Processors¶
Processors are a middleware pipeline that alters the records transferred from inlets to outlets. Two most common usages of these would be:
Filtering - removing some or all records before feeding them to outlets.
Transforming - altering the records before feeding them to outlets.
Simple example¶
# Example filtering
def only_large_numbers(records: List[Records]):
result = []
for record in records:
if record.payload >= 100:
result.push(record)
return result
# Example transforming:
def round_to_integers(records: List[Records]):
for record in records:
record.payload = round(record.payload)
return records
# pass to a link
link = Link(..., processors=[only_large_numbers, round_to_integers])
The processor pipeline used in the above example will turn the following list:
[99.999, 200, 333.333]
into:
[200, 333]
Note that 99.999
got filtered out given the order of processors.
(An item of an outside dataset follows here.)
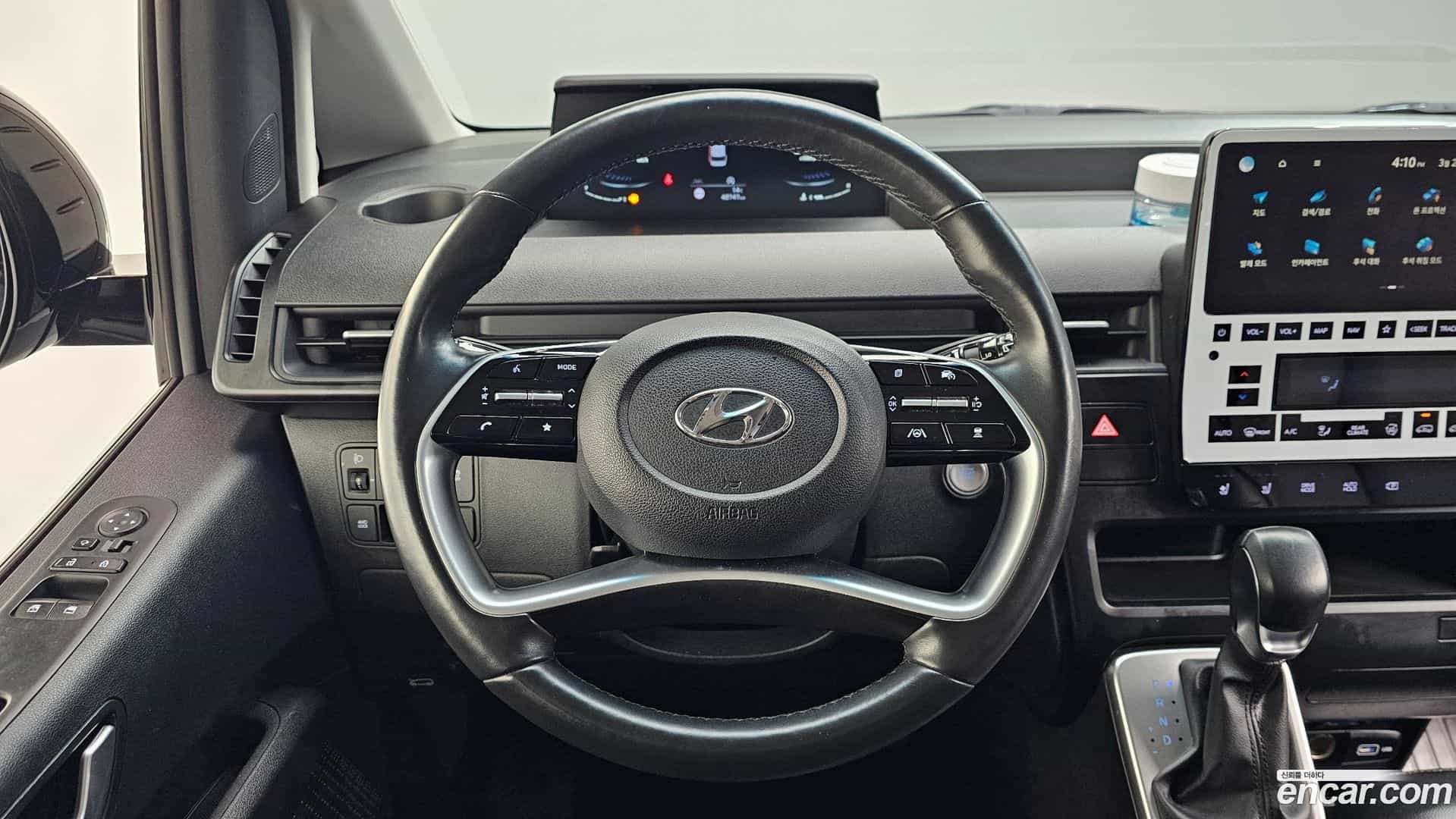 Staria Hyundai 2023.3-OPTION-017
If we were to swap the processors, the rounding would occur before filtering, allowing all three results through the filter.
Processors explained¶
A processor is a callable
function that accepts a list of records and returns a (potentially altered) list of records.
Processors are called in the order in which they are passed, after all inlets finish producing their data. The result of each processor is given to the next one, until finally the resulting records continue the transfer normally.
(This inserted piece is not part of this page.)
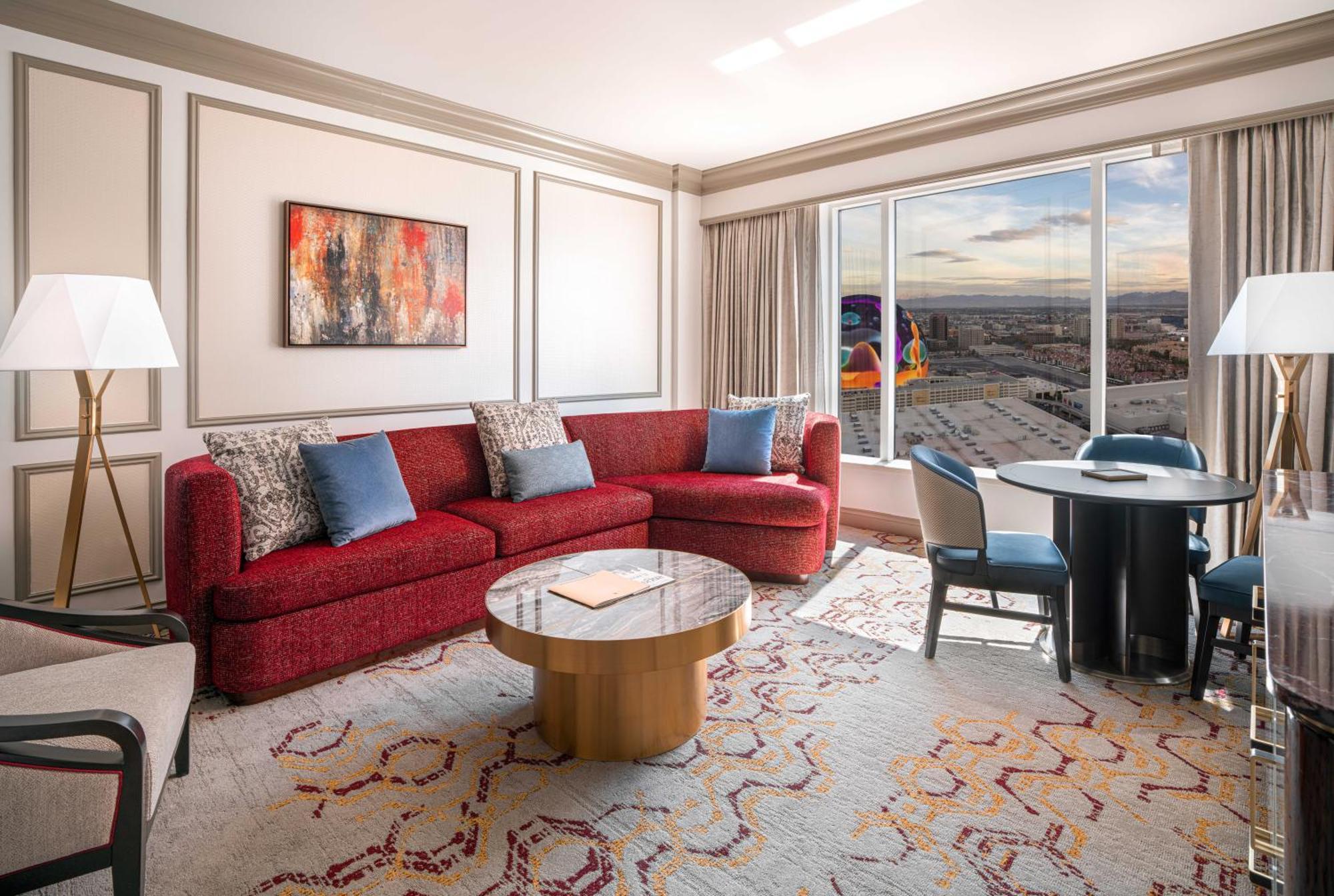 Suite Luxury Recentemente Ristrutturata con 2 Letti Queen-Size e Vista Sfera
Link vs Outlet processors¶
Databay supports two types of processors, depending on the scope at which they operate.
Link processor
- applied to all records transferred by that link.Outlet processor
- applied only to records consumed by the particular outlet.
This distinction can be used to determine at which level a particular processor is to be applied.
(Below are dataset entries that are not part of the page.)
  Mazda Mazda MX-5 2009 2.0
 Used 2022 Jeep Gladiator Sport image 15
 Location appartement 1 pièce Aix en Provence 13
Observe in the diagram above that the Outlet A will receive records modified only by the Link Processor. At the same time, the Outlet B will receive records modified first by the Link Processor, then by the Outlet Processor.
For example:
Link processor
- A filtering processor that removes duplicate records produced by an inlet could be applied to all records at link level.
def remove_duplicates(records: List[Record]):
result = []
for record in records:
if record not in result:
result.append(record)
return result
link = Link(..., processors=remove_duplicates)
Outlet processor
- A filtering processor that filters out records already existing in a CSV file could be applied only to the CsvOutlet, preventing duplicate records from being written to a CSV file, yet otherwise allowing all records to be consumed by the other outlets in the link.
def filter_existing(records: List[Record]):
with open(os.fspath('./data/records.csv'), 'r') as f:
reader = csv.DictReader(csv_file)
existing = []
for row in reader:
for key, value in row.items():
existing.append(value)
result = []
for record in records:
if record.payload not in existing:
result.append(record)
return result
csv_outlet = CsvOutlet(..., processors=filter_existing)
link = Link(inlets, csv_outlet, ...)
Link processors are used before Groupers, while Outlet processors are used after.
Best practices¶
Responsibility
Databay doesn’t make any further assumptions about processors - you can implement any type of processors that may suit your needs. This also means Databay will not ensure the records aren’t corrupted by the processors, therefore you need to be conscious of what each processor does to the data.
If you wish to verify the integrity of your records after processing, attach an additional processor at the end of your processor pipeline that will validate the correctness of your processed records before sending it off to the outlets.